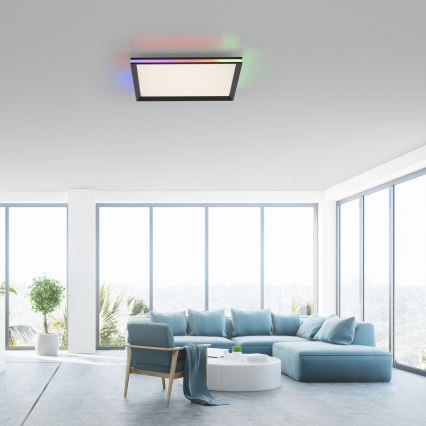 Leuchten Direkt 15556-18 - Ρυθμιζόμενο φωτιστικό οροφής LED RGBW GALACTICA LED/32W/230V 2700-5000K με τηλεχειριστήριο
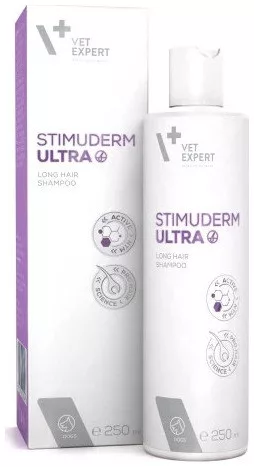 VetExpert StimuDerm Ultra Sampon hosszú szőrű kutyáknak 250 ml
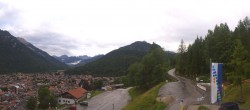 Archiv Foto Webcam Mittenwald Kranzberg-Sessellift 06:00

• [Try it]: The answer must consist solely of the lines from the line containing "VetExpert StimuDerm Ultra" to the end of the data, reproduced exactly, with every picture left out.

• [Exercise solution]:
 VetExpert StimuDerm Ultra Sampon hosszú szőrű kutyáknak 250 ml
 Archiv Foto Webcam Mittenwald Kranzberg-Sessellift 06:00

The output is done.